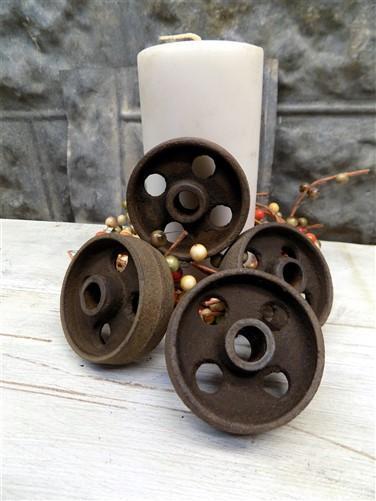 Set of 4 Vintage Wheels, 2.5" Factory Cart Wheels, Industrial Age, Steampunk E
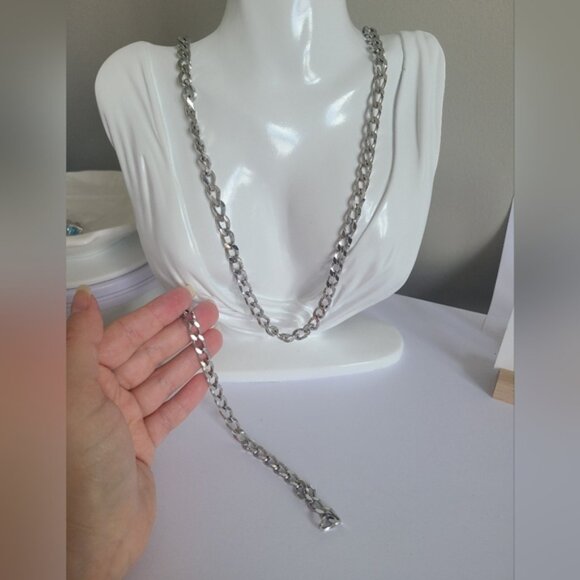 Vintage 14K NKP Silver Tone Men Women Large Chain Link Necklace and Bracelet Set - Picture 4 of 10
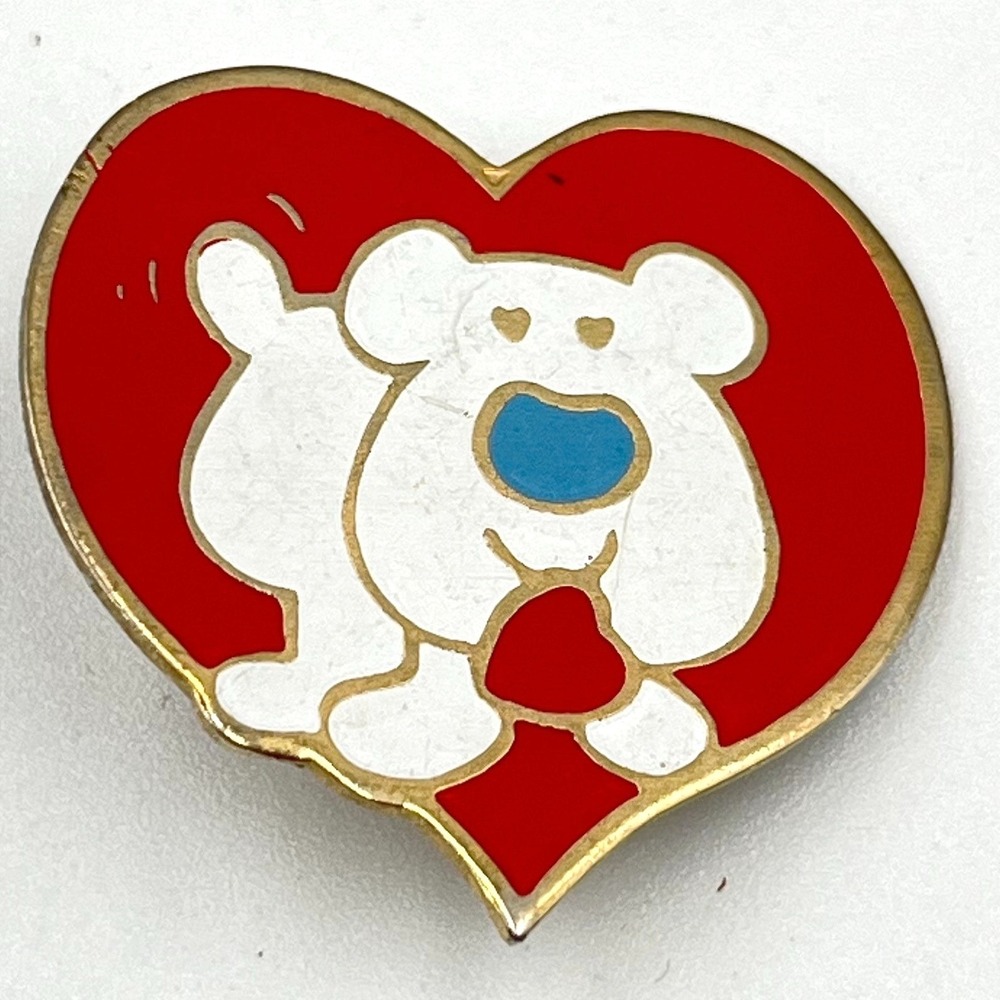 Vintage 1979 Ziggy‎ Heart Enamel Pin Retro Gold Tone Red White Bear Brooch Y2K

• **WHAT YOU ARE ASKED TO DO**
What is needed is an exact copy of the data, without any pictures.

• **ANSWER SPACE**
 Set of 4 Vintage Wheels, 2.5" Factory Cart Wheels, Industrial Age, Steampunk E
 Vintage 14K NKP Silver Tone Men Women Large Chain Link Necklace and Bracelet Set - Picture 4 of 10
 Vintage 1979 Ziggy‎ Heart Enamel Pin Retro Gold Tone Red White Bear Brooch Y2K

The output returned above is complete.